人事戦略コンサルティング会社の米タワーズペリンは、「仕事に対して『非常に意欲的』と感じる日本人は世界16カ国中で最低となるわずか2%しかいない」という調査・分析結果を明らかにした。仕事に「意欲的でない」と答えた日本人も41%おり、インドの56%に次いで2番目に低い (表1)

図1

 タワーズペリンは、米国に本社を置き、世界24カ国に9000人のスタッフを抱える人事戦略コンサルティング会社の大手。今回の調査活動では、日本、米国、カナダ、英国、ドイツ、フランス、オランダ、ベルギー、アイルランド、イタリア、スペイン、メキシコ、ブラジル、韓国、中国、インドの16カ国でWebアンケートを実施。2005年8月に、日本人千数百人を含む計8万6000人が回答した。

グラフ1

 アンケートの設問数は約200で、いずれも意識レベルを5段階で回答。この調査結果を基に、仕事に対する意欲、その意欲を高める要因、離職しない理由、就職・転職先選びで求める条件、一般社員から見た管理職への評価などを2005年末までに分析。今春から順次、調査結果を公表している。今後も継続的に調査を実施する予定である。

 タワーズペリンは、仕事に対する意欲を「非常に意欲的」「普通に意欲的」「意欲的でない」の3段階に分類。日本人は順に2%、57%、41%という結果になった (図1)。これに対し、米国人は21%、63%、16%、ドイツ人は15%、70%、15%、イギリス人は12%、65%、23%、韓国人は9%、71%、20%となっており、日本人の思考のネガティブさが目立つ。16カ国の平均値は14%、62%、24%だった。

 また、日本人の特有の傾向として、「仕事に対して意欲的でないにもかかわらず、転職を考えてない人の比率が高い」ということも明らかになった。仕事に意欲的でない人を「退職の予定なし」「退職の予定はないが、オファーがあれば検討」「積極的に転職活動を実施中」「退職を決断済み」「数年内に退職」の5つに分類したところ、16カ国平均では「退職の予定なし」あるいは「退職の予定はないが、オファーがあれば検討」と回答した人が63%。日本人はそれが73%もいた (図2)

グラフ2

 日本はさらに、管理職のリーダーシップに対する評価も16カ国中で一番低かった。「管理職の質が非常に悪い」または「悪い」と回答した人が、日本では40%もいた。16カ国の平均は26%。最も低かったドイツは14%だった。

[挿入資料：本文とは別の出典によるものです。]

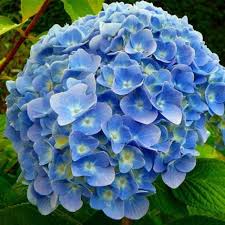 Sea Blue Hydrangea Flower seeds for Planting Sun Loving, Heirloom & GMO Free Seeds for Home Garden vegetable and garden seeds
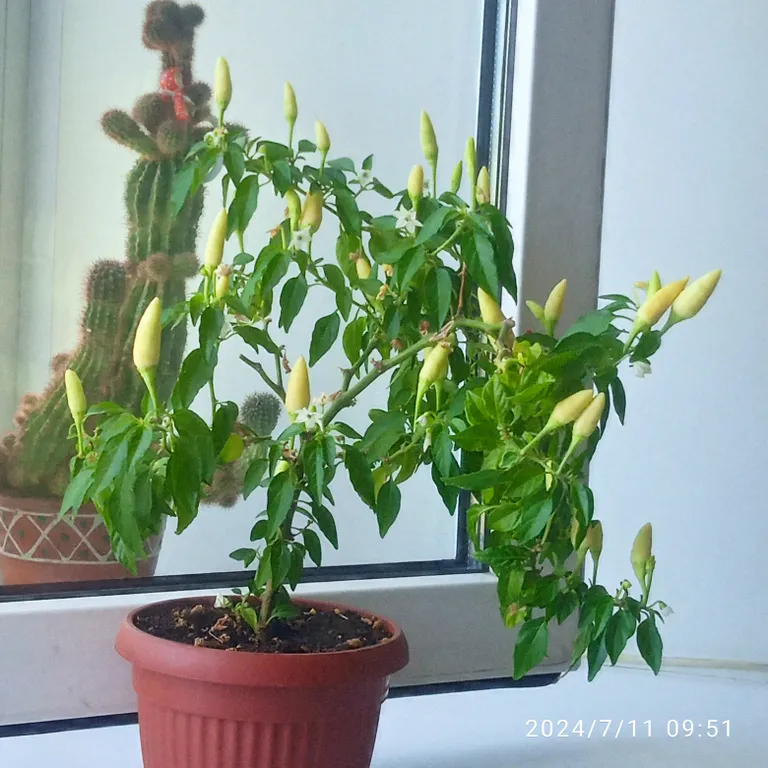 Приезжайте, отдохните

 日本のビジネスパーソンはかつて、仕事への意欲や会社への忠誠心が高いと言われていた。だが、今回の調査結果は違っていた。タワーズペリン東京支店の中村健太郎コンサルタントは、「これは、過去10年以上にわたって景気が悪く、人員削減をはじめとした急激な組織改革が行われたためだ。会社に忠誠を誓って仕事をしてきたのに、突然、終身雇用は辞めますと一方的に言われ、仕事への意欲がなくなったのだろう」と分析する。

 ただし、「日本人は意欲が減退しても、勤勉さに変わりはない」と同社の岡田恵子コンサルタントが補足する。だから、世界中のビジネスのベストプラクティスと自身の差を徹底的に分析し、昼夜をいとわずに修正していくことが勝ちパターンだった時代は、日本企業は強さを維持できた。しかし、「今後のグローバル競争での勝ちパターンは、いかにイノベーションを起こすかにかかっている。そのためには仕事への意欲を高めないと厳しい」と岡田コンサルタントは警告する。